-- Supplied material follows --
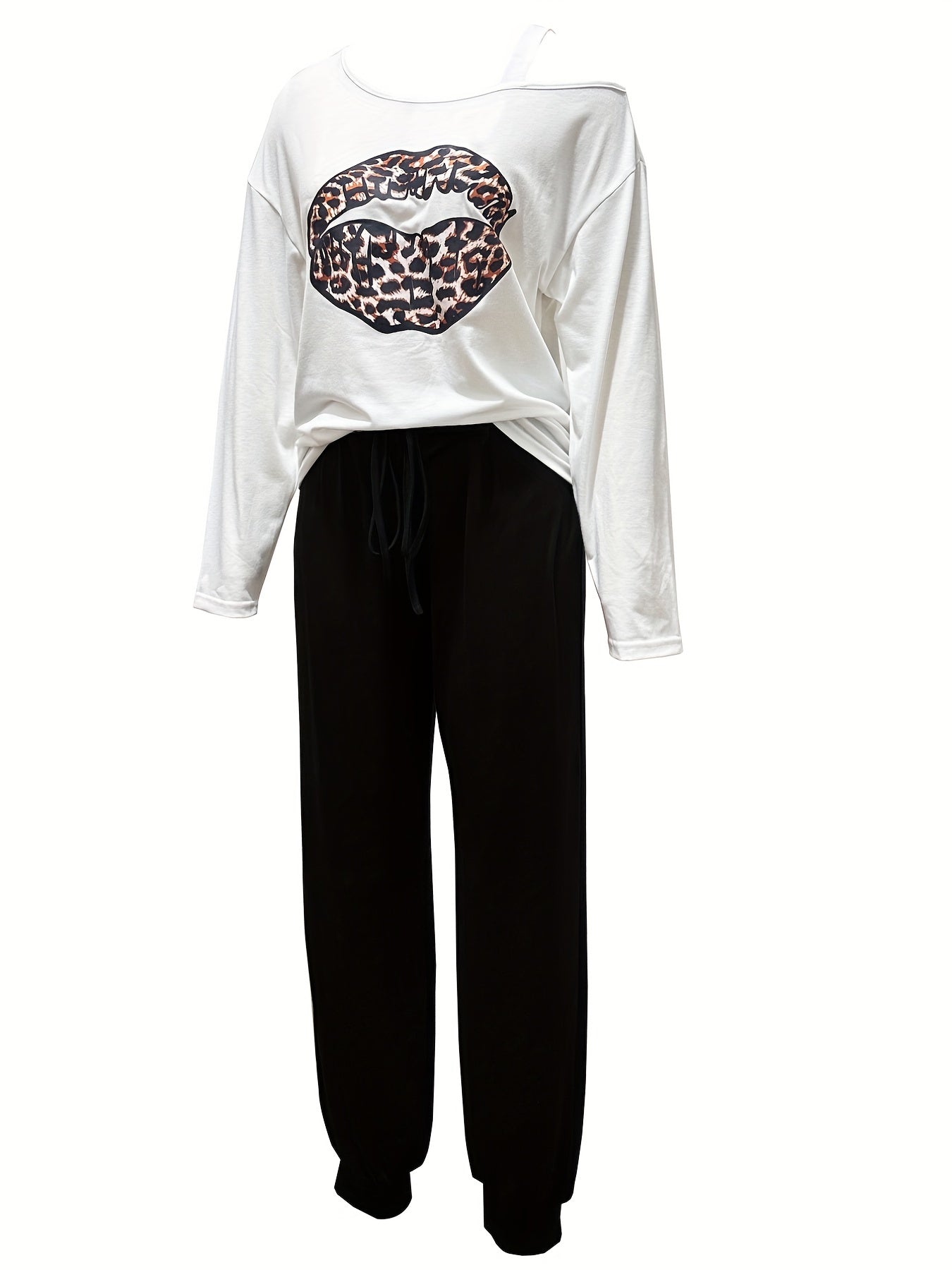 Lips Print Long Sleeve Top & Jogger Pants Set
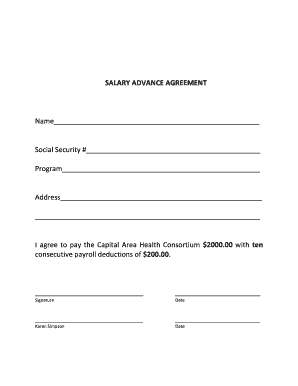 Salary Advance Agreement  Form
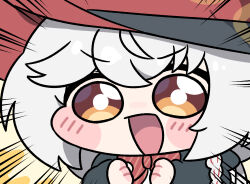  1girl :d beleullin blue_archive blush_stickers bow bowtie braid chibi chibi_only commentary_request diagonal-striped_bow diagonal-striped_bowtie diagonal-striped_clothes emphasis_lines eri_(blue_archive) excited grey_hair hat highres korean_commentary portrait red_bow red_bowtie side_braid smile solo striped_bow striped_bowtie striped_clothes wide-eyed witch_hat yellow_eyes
-- Supplied material concluded --
Task goal
Print the material in full and exactly, minus the pictures.

Result below
 Lips Print Long Sleeve Top & Jogger Pants Set
 Salary Advance Agreement  Form
  1girl :d beleullin blue_archive blush_stickers bow bowtie braid chibi chibi_only commentary_request diagonal-striped_bow diagonal-striped_bowtie diagonal-striped_clothes emphasis_lines eri_(blue_archive) excited grey_hair hat highres korean_commentary portrait red_bow red_bowtie side_braid smile solo striped_bow striped_bowtie striped_clothes wide-eyed witch_hat yellow_eyes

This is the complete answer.